#### [Work required]
All records, exactly as written, minus the pictures: copy them out.

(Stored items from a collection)
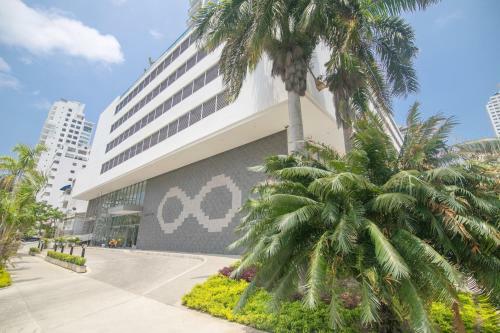Great Apartment In Bocagrande With Sunset & Beach View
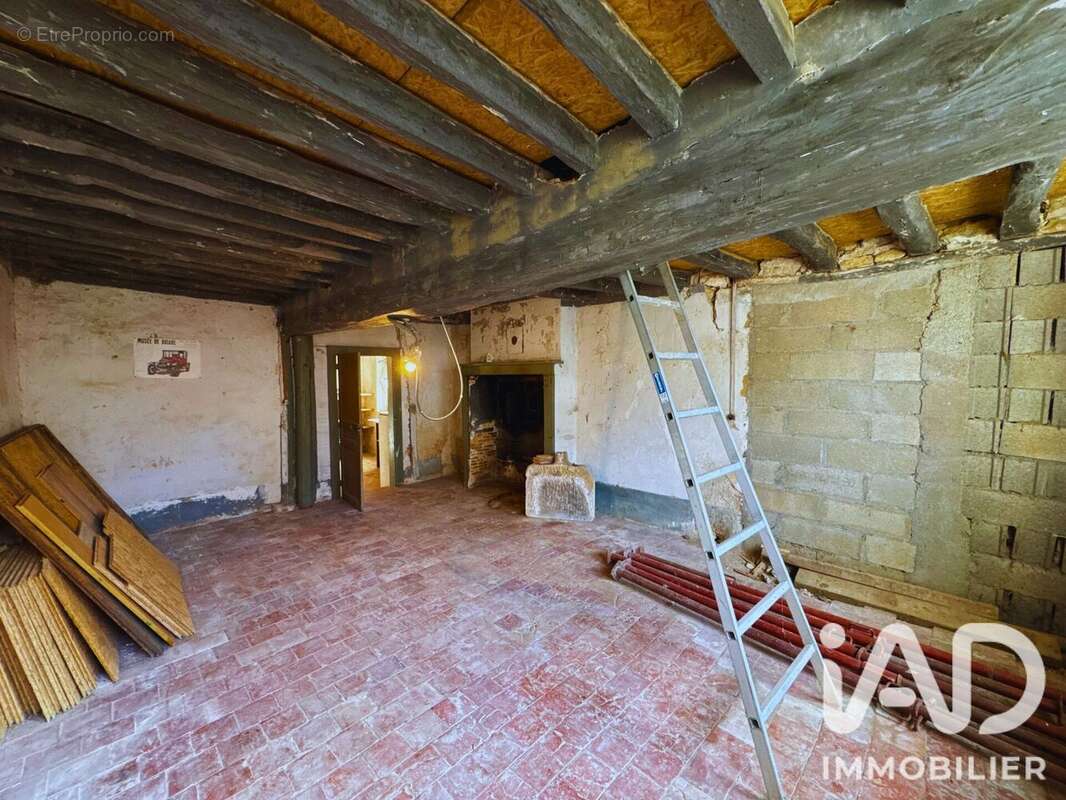 Maison 113 m² à Alligny-Cosne  - photo 9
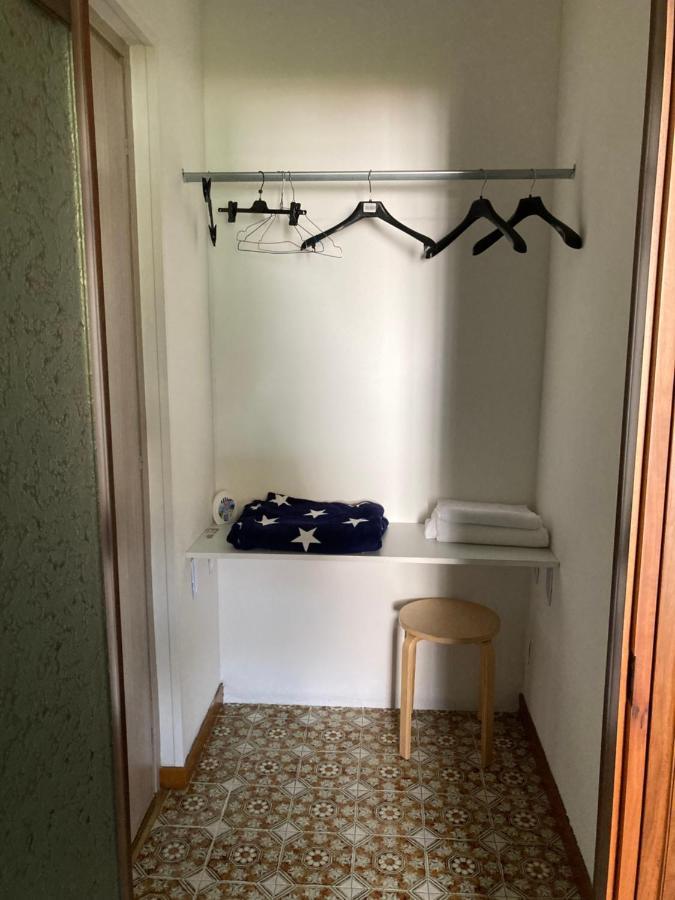 Bella Vita Guesthouse -Parcheggio Privato Interno Arona Exterior photo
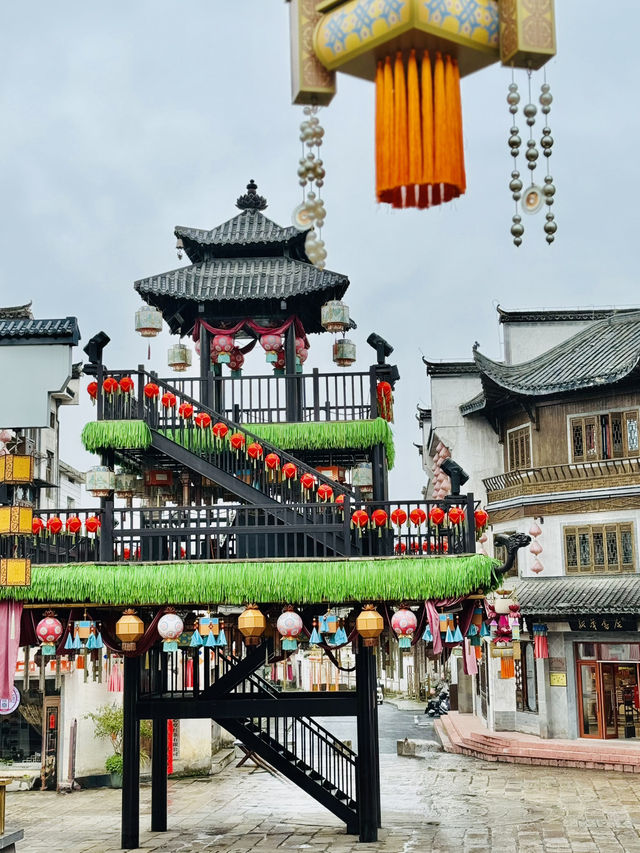 When the Rain Falls: Discovering the Hidden Melancholy of Yixian Ancient Town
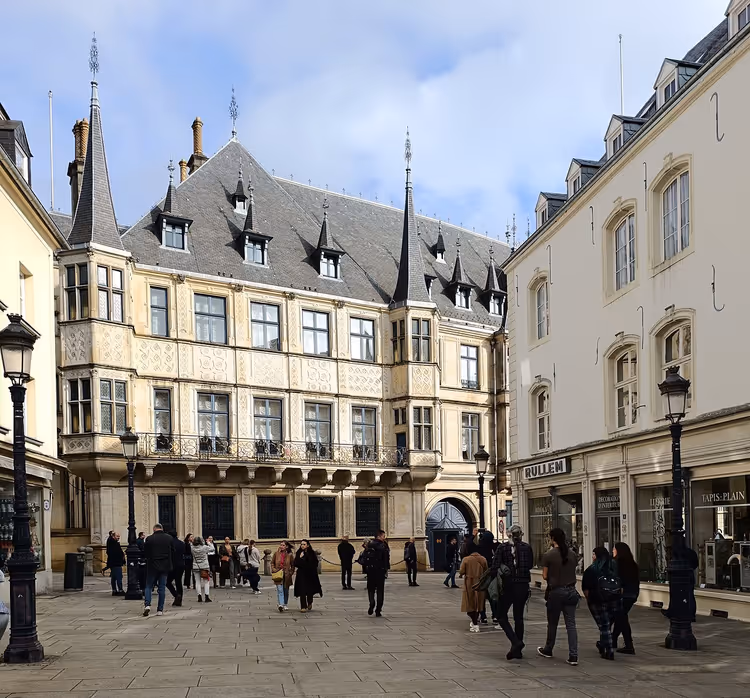 Storhertugpalasset på en byplass i Luxembourg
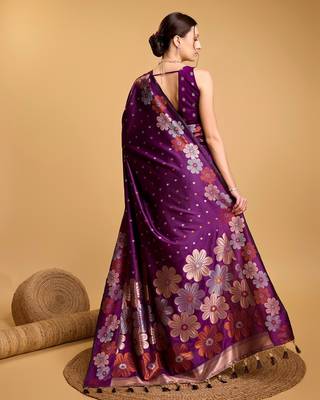 lavender silk blend printed saree with blouse 3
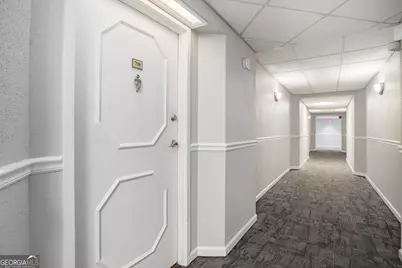 2479 Peachtree Road NE #APT 708, Atlanta, GA 30305 - Photo 3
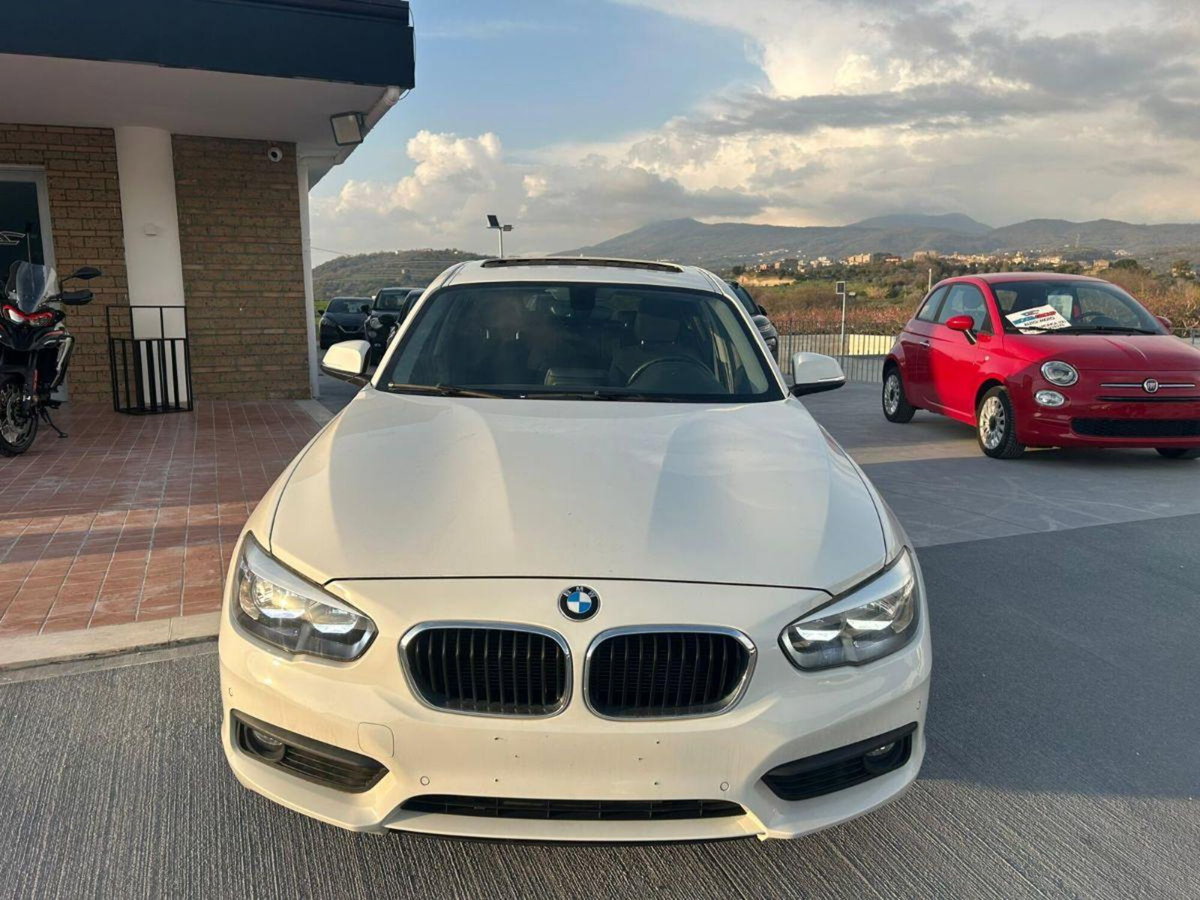 BMW Serie 1 5p. 118d 5p. Business (2)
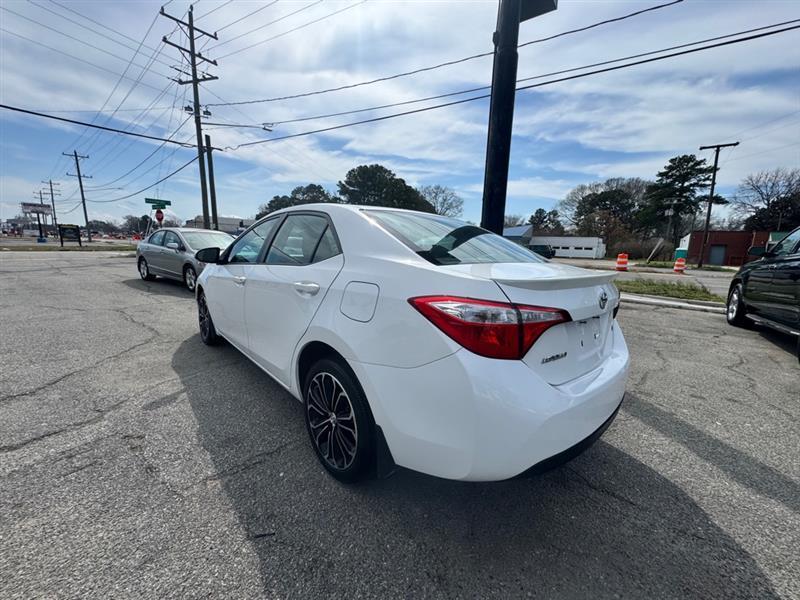 Toyota Corolla  2014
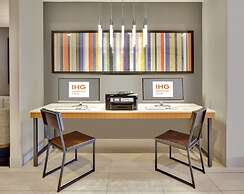 Holiday Inn Express & Suites Irving Conv Ctr - Las Colinas by IHG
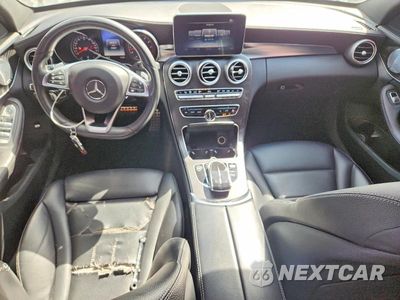 Zdjęcie 8 z 12 samochodu: 2015 MERCEDES-BENZ C 300 4MATIC VIN:55SWF4KB5FU027623 - miniatura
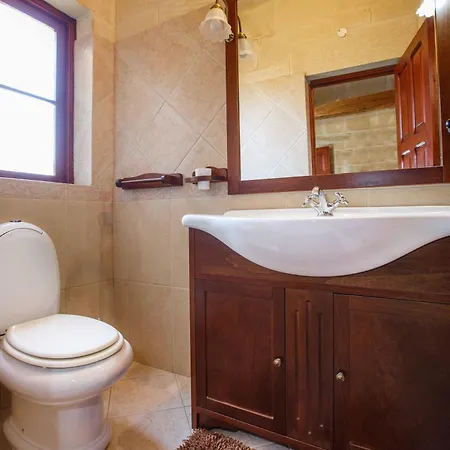 Nyaraló 5 Bedroom Farmhouse With Private Pool Għarb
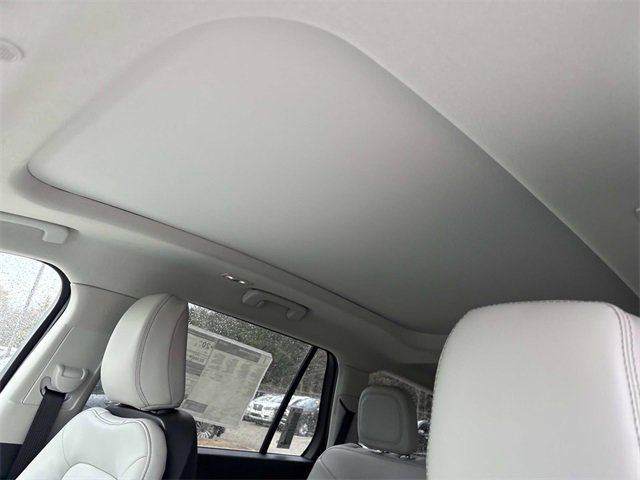 New 2026 Lincoln Aviator AWD image 25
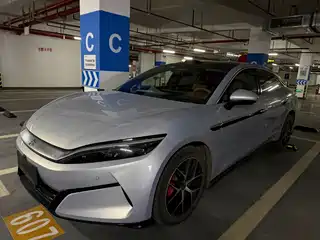 BYD Han L 2025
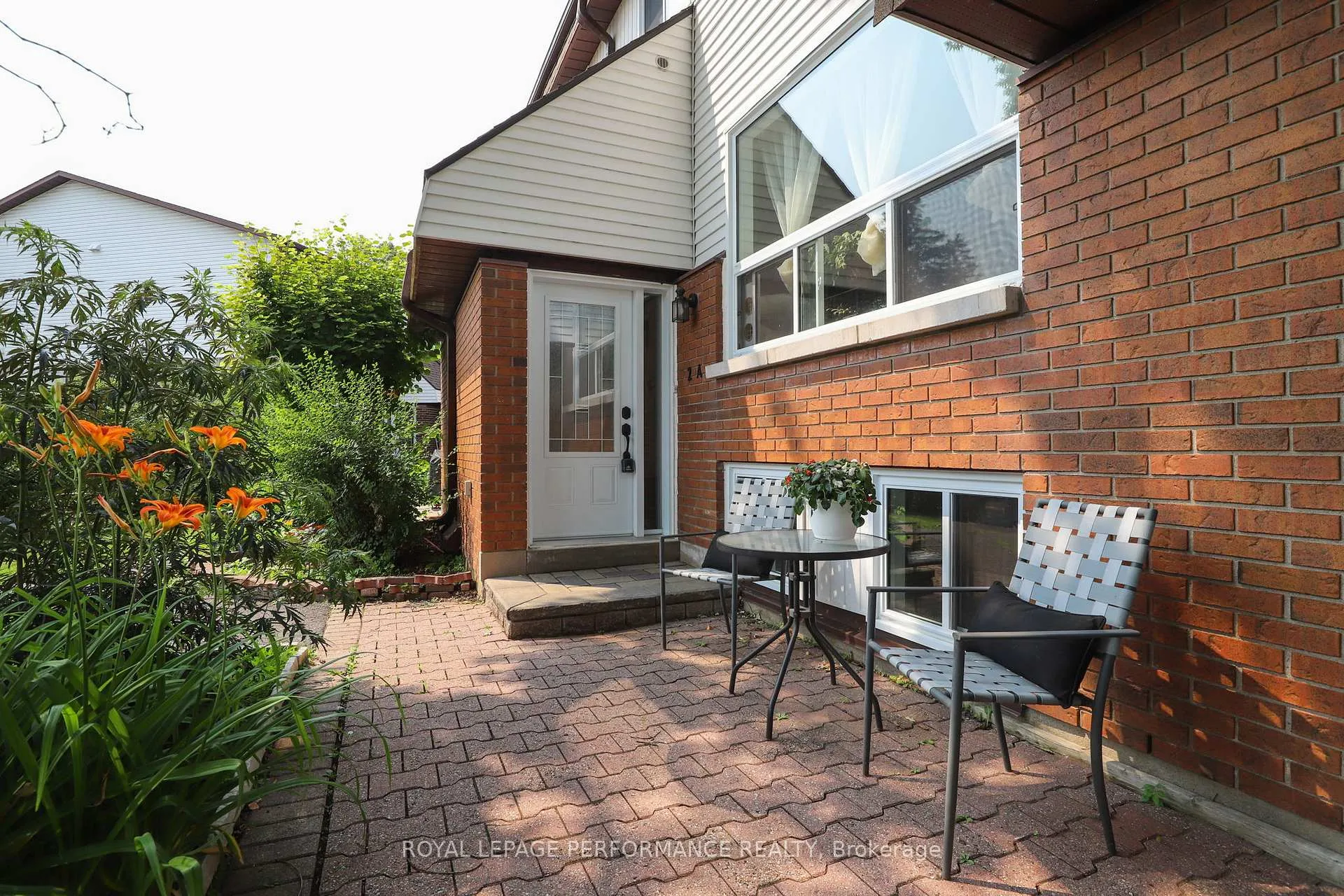 Photo 2 of Unit A, 2 Lovell Lane, Ottawa, Westcliffe Estates — HOMEH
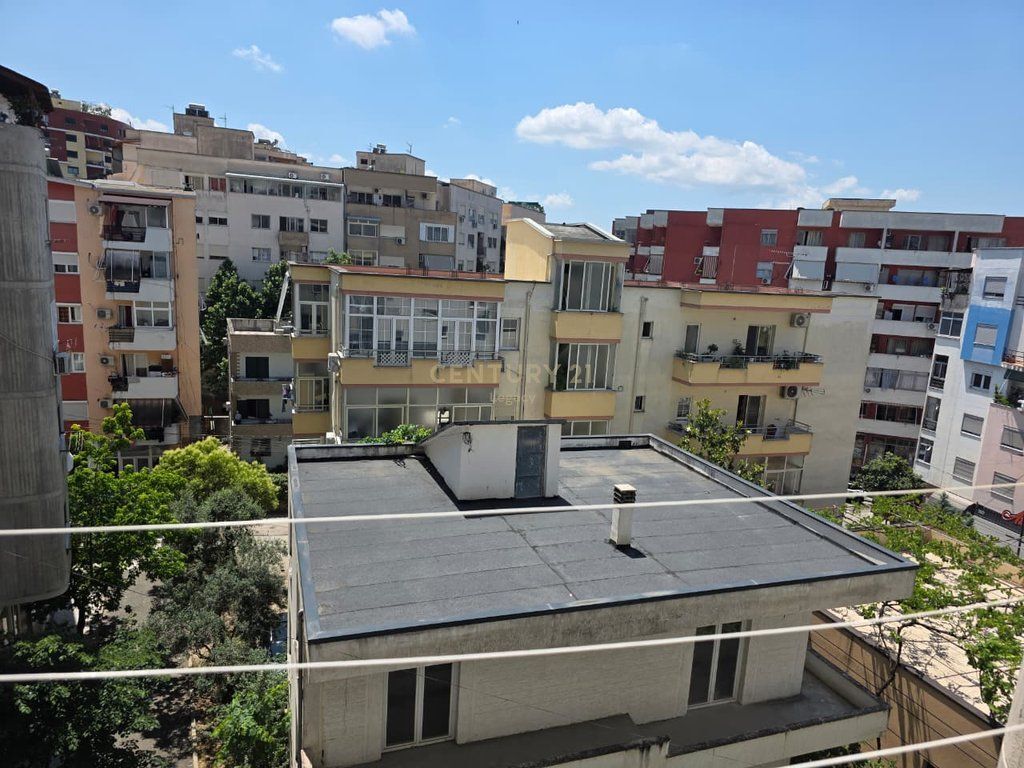 Jepet apartament 1+1 me qera FRESKU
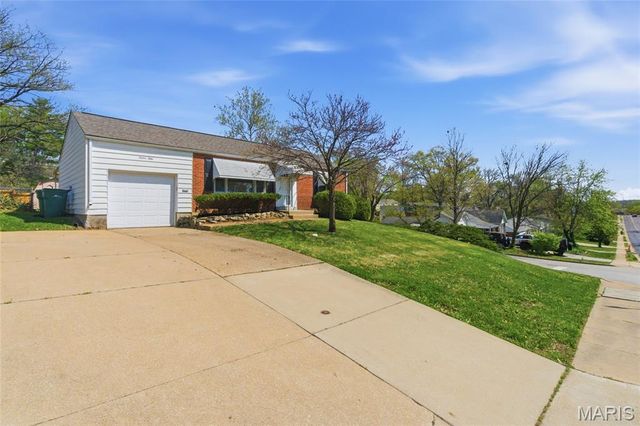 1550 Grant Road, Webster Groves, MO 63119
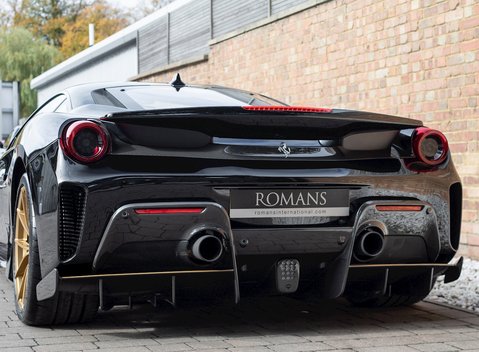 Ferrari 488 Pista 26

#### [Answer]
Great Apartment In Bocagrande With Sunset & Beach View
 Maison 113 m² à Alligny-Cosne  - photo 9
 Bella Vita Guesthouse -Parcheggio Privato Interno Arona Exterior photo
 When the Rain Falls: Discovering the Hidden Melancholy of Yixian Ancient Town
 Storhertugpalasset på en byplass i Luxembourg
 lavender silk blend printed saree with blouse 3
 2479 Peachtree Road NE #APT 708, Atlanta, GA 30305 - Photo 3
 BMW Serie 1 5p. 118d 5p. Business (2)
 Toyota Corolla  2014
 Holiday Inn Express & Suites Irving Conv Ctr - Las Colinas by IHG
 Zdjęcie 8 z 12 samochodu: 2015 MERCEDES-BENZ C 300 4MATIC VIN:55SWF4KB5FU027623 - miniatura
 Nyaraló 5 Bedroom Farmhouse With Private Pool Għarb
 New 2026 Lincoln Aviator AWD image 25
 BYD Han L 2025
 Photo 2 of Unit A, 2 Lovell Lane, Ottawa, Westcliffe Estates — HOMEH
 Jepet apartament 1+1 me qera FRESKU
 1550 Grant Road, Webster Groves, MO 63119
 Ferrari 488 Pista 26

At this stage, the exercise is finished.